Start of Exercise data

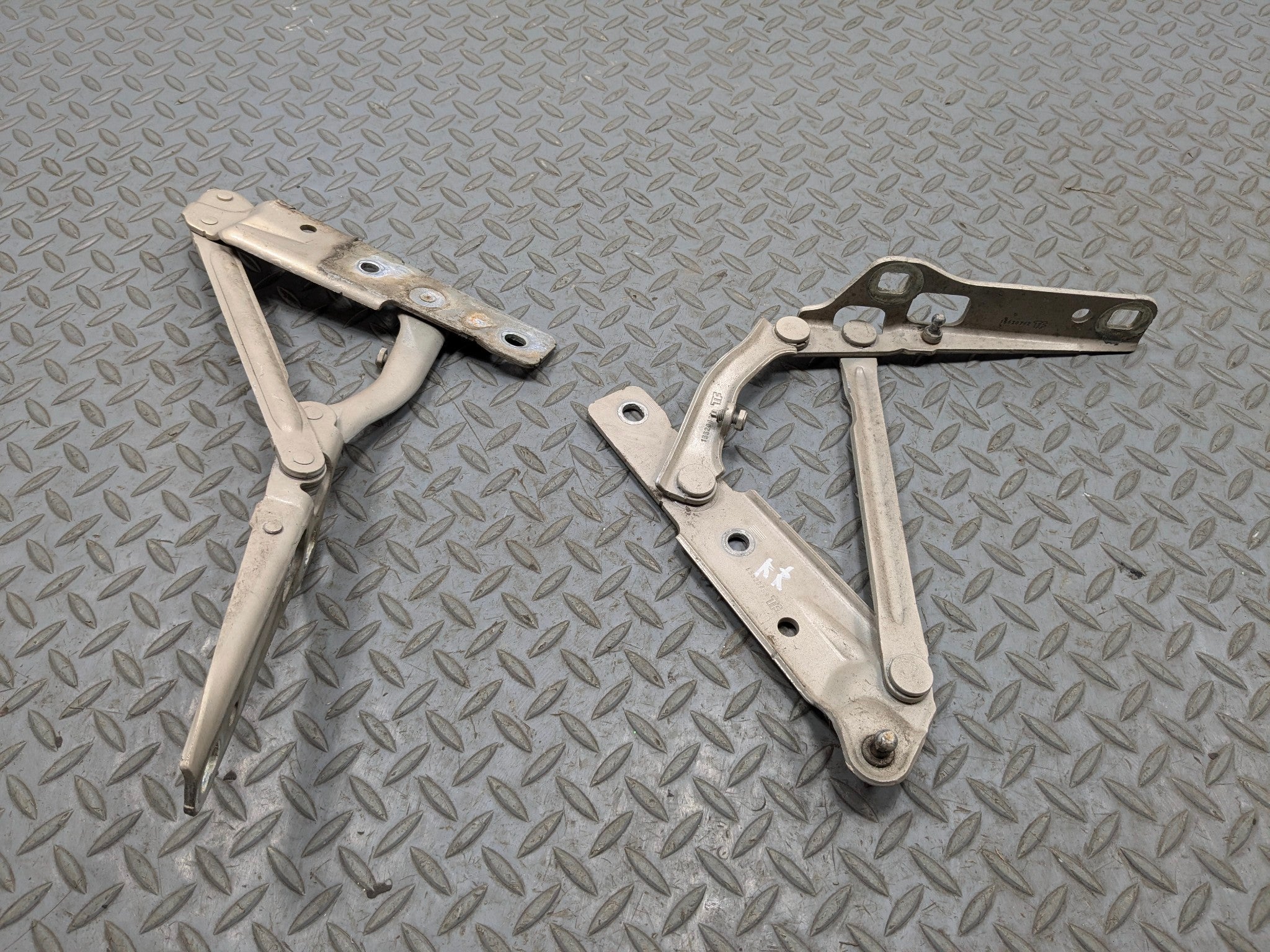 2005 - 2007 CADILLAC CTS OEM TAILGATE LIFTGATE HINGE SET LEFT AND RIGHT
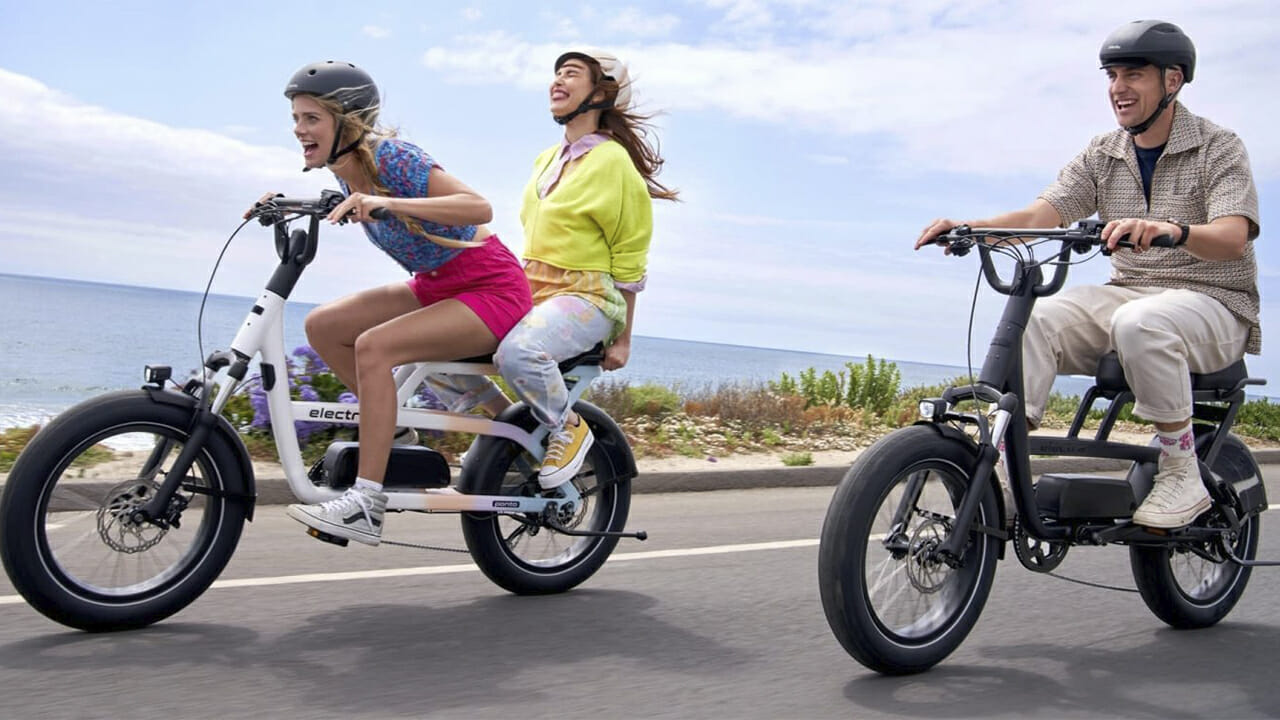 Ciclomotor Elétrico com acelerador e Pedal Assist capaz de levar até duas pessoas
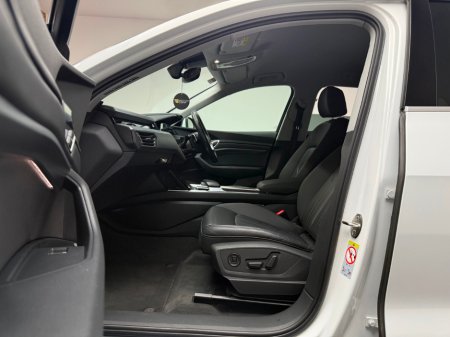 2021 Audi e-tron - thumbnail 13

End of Exercise data

## Instructions to follow:
Output the material verbatim, skipping the images.

## Result below:
 2005 - 2007 CADILLAC CTS OEM TAILGATE LIFTGATE HINGE SET LEFT AND RIGHT
 Ciclomotor Elétrico com acelerador e Pedal Assist capaz de levar até duas pessoas
 2021 Audi e-tron - thumbnail 13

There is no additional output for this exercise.